Task directions:
Which lines run from the one with "Serene Mountain Landscape" through the end of the data? Retype them exactly, without pictures.

Data supplied:
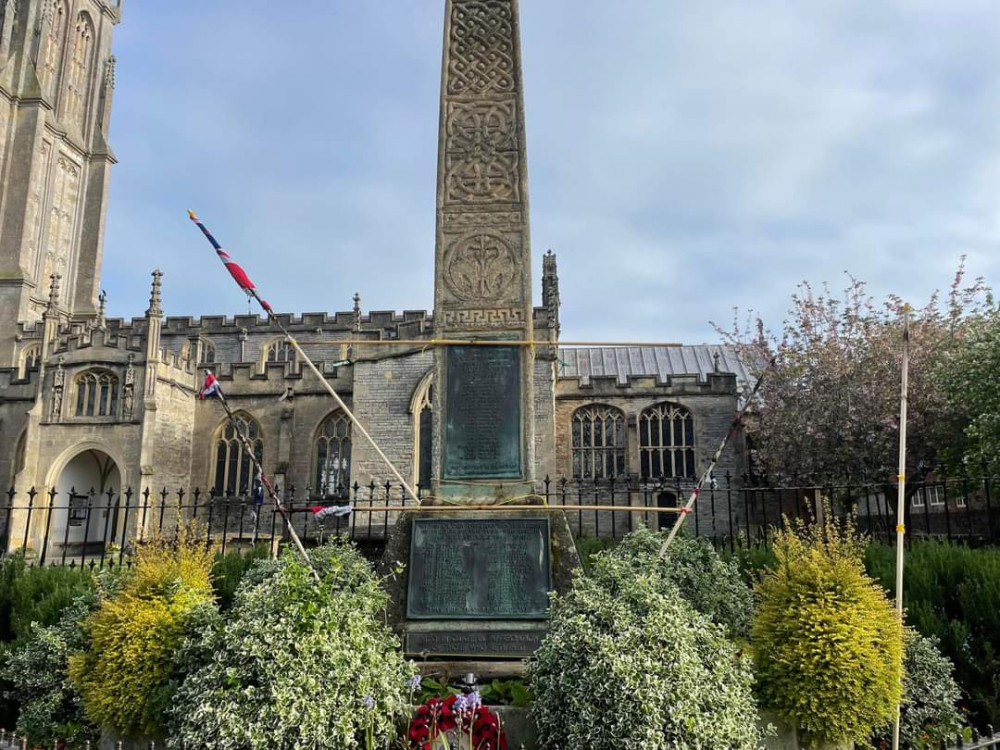 Burnt flags in Glastonbury 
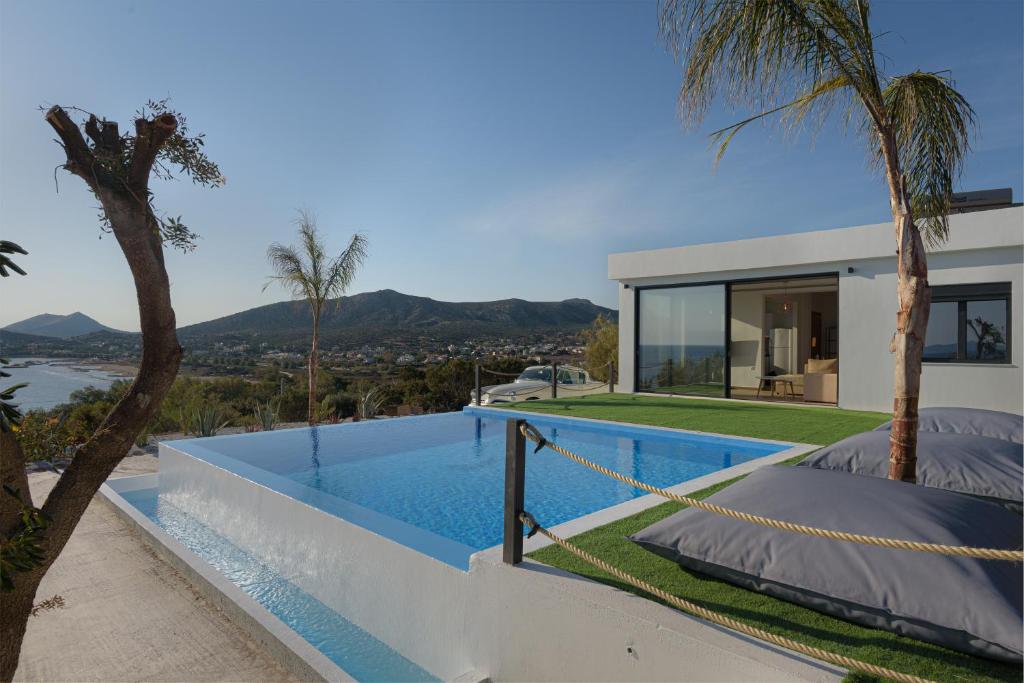 a villa with a swimming pool and palm trees at Sounio Black Villa in Sounio
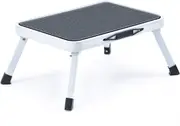 Step Stool,Folding One Step Ladder with Non-Slip Rubber Mat,Lightweight Steel Kitchen Stool,Holds up to 150KG
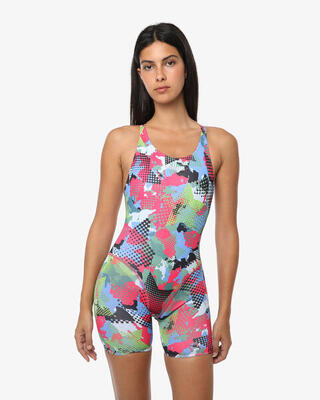 costume da piscina verde fluo da donna in mat. sintetico da nuoto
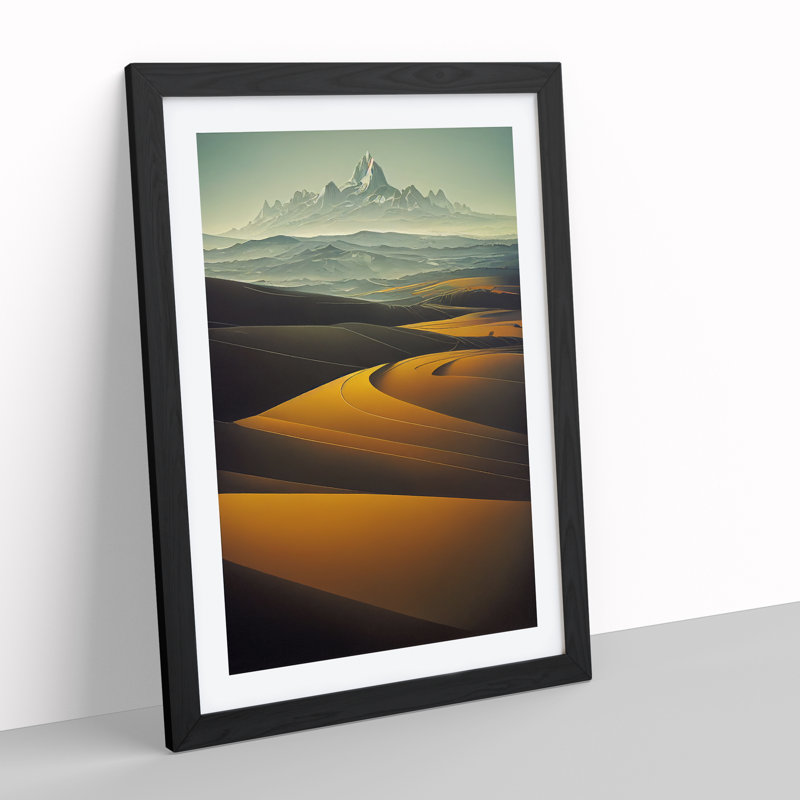 Serene Mountain Landscape - Single Picture Frame Print, Black, 64cm H x 46cm W x 2cm D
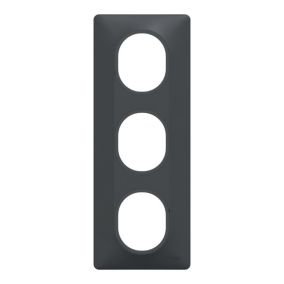 Plaque de finition 3 postes Schneider Electric Ovalis S340726 coloris anthracite l.87 x P.10 x H.229 mm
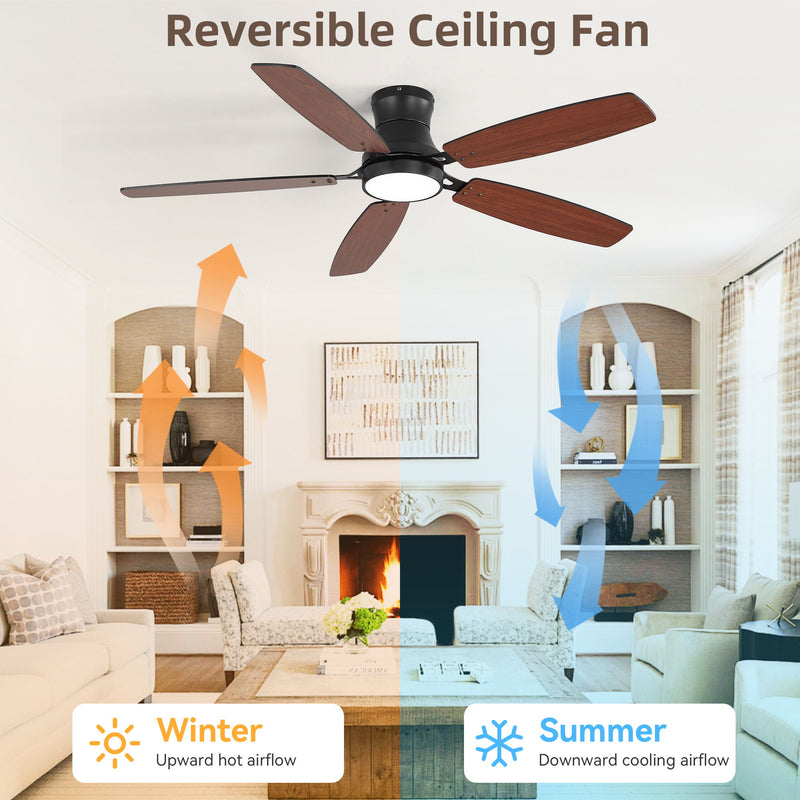 52" Flush Mount Ceiling Fan With Light, DC Motor, Remote Control, Dual Color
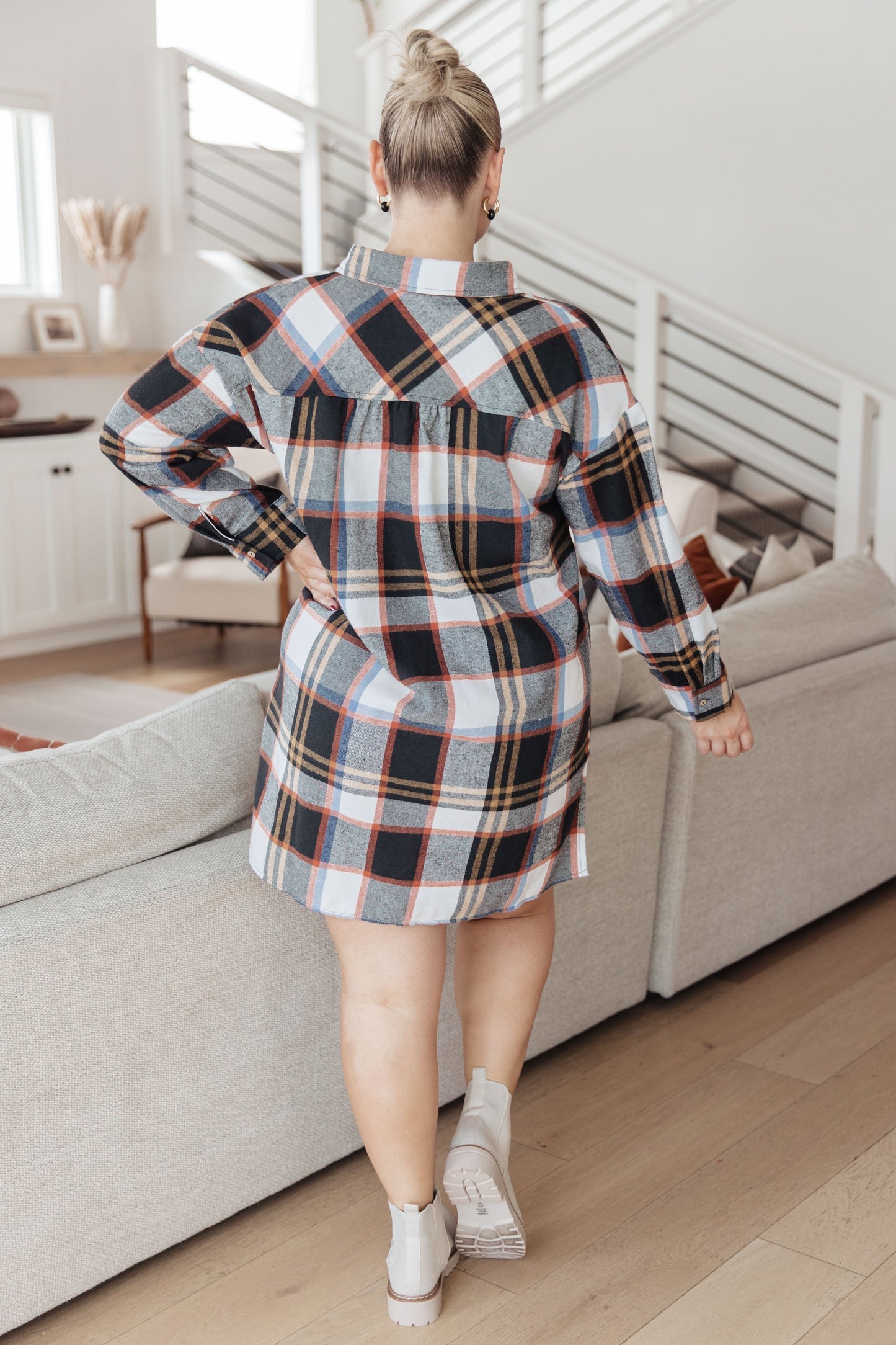 Make it Right Plaid Shirt Dress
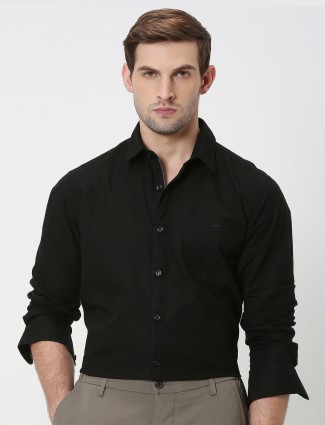 MUFTI black plain full sleeves shirt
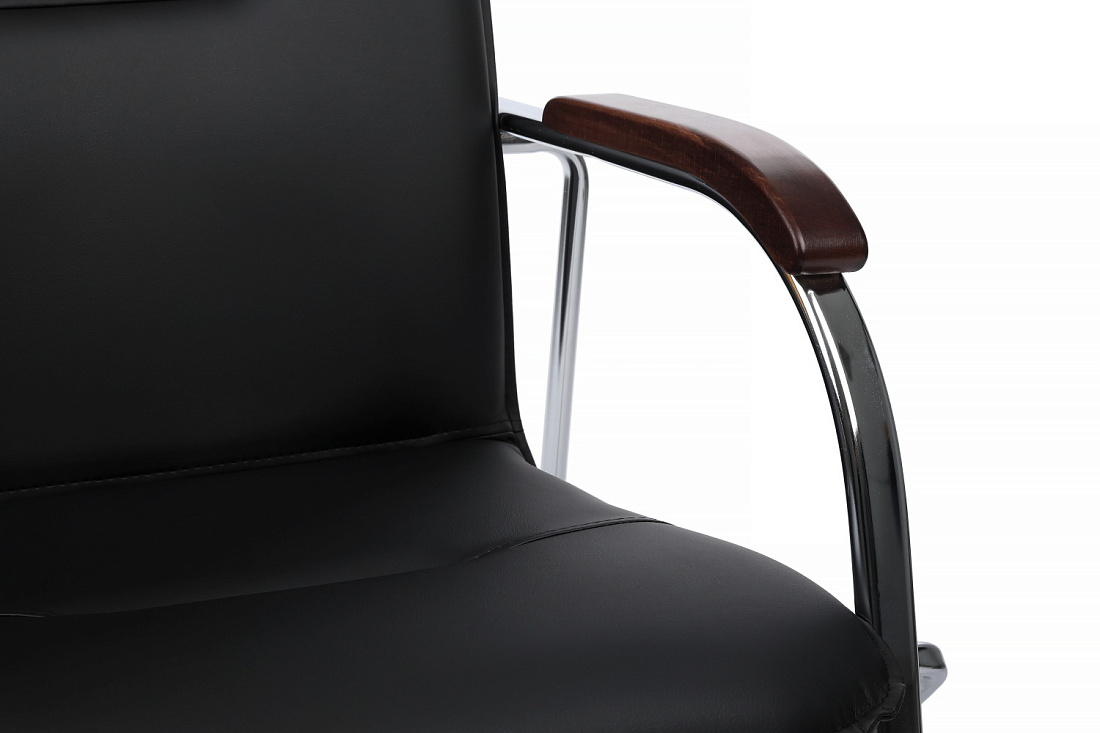 конференц-кресло rv chair самба на гальванических опорах smb-02h чёрная экокожа фото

Response for this exercise:
 Serene Mountain Landscape - Single Picture Frame Print, Black, 64cm H x 46cm W x 2cm D
 Plaque de finition 3 postes Schneider Electric Ovalis S340726 coloris anthracite l.87 x P.10 x H.229 mm
 52" Flush Mount Ceiling Fan With Light, DC Motor, Remote Control, Dual Color
 Make it Right Plaid Shirt Dress
 MUFTI black plain full sleeves shirt
 конференц-кресло rv chair самба на гальванических опорах smb-02h чёрная экокожа фото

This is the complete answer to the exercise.